▸ TASK MATERIAL
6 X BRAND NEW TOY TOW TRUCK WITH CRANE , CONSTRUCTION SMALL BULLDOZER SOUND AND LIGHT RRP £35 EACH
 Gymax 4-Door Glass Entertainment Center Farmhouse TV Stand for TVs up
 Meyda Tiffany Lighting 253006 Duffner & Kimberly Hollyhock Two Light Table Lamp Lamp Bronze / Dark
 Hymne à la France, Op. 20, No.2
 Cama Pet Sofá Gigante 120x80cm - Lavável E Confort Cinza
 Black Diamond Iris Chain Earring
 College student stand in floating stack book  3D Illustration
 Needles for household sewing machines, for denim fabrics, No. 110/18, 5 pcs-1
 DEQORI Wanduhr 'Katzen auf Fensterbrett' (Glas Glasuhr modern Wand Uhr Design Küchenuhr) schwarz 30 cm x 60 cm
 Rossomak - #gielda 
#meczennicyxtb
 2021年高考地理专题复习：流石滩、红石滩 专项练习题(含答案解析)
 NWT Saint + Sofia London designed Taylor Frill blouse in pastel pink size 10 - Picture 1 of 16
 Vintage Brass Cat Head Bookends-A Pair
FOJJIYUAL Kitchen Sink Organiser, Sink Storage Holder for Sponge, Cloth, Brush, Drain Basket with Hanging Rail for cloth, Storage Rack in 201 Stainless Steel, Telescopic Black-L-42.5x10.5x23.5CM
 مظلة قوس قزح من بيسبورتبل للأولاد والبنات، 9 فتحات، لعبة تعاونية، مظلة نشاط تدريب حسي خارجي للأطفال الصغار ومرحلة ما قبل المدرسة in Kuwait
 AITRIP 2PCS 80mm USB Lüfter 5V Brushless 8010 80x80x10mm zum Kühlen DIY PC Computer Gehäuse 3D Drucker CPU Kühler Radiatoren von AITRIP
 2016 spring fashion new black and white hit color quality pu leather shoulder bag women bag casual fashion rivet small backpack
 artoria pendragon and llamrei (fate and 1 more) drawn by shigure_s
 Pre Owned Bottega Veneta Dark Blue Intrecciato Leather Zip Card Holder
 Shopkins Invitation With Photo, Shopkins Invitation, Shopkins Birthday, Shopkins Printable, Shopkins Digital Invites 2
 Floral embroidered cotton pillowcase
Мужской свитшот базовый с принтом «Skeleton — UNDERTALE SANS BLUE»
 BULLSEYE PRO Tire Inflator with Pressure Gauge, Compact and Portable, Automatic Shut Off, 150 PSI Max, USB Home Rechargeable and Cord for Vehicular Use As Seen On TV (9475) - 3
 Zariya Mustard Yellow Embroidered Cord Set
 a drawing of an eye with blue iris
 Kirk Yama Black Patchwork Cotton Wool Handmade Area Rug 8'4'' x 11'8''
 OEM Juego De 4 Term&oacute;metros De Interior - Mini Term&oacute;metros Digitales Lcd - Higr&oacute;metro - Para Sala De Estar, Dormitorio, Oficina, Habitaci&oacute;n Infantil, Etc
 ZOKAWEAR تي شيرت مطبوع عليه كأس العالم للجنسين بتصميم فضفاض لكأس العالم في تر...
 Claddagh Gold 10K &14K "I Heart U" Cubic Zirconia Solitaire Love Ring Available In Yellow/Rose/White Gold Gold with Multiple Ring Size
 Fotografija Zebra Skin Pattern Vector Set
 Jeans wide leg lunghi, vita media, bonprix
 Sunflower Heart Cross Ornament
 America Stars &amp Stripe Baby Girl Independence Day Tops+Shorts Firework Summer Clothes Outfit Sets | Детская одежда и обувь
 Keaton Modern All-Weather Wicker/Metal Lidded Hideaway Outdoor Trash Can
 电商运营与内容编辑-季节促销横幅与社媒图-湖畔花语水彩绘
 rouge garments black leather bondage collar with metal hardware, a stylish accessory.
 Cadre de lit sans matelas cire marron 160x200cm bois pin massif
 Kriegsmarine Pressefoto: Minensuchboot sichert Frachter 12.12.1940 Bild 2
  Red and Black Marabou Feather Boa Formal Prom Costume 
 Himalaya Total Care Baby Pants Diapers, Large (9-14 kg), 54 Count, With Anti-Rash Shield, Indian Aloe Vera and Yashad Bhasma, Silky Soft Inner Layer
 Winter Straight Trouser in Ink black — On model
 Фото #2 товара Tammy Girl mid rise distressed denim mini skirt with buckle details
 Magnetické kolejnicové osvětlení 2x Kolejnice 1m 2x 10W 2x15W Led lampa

▸ AIM OF THE TASK
Which lines above include the string "Heart"? Show them.

▸ ANSWER FOR THE TASK
 Claddagh Gold 10K &14K "I Heart U" Cubic Zirconia Solitaire Love Ring Available In Yellow/Rose/White Gold Gold with Multiple Ring Size
 Sunflower Heart Cross Ornament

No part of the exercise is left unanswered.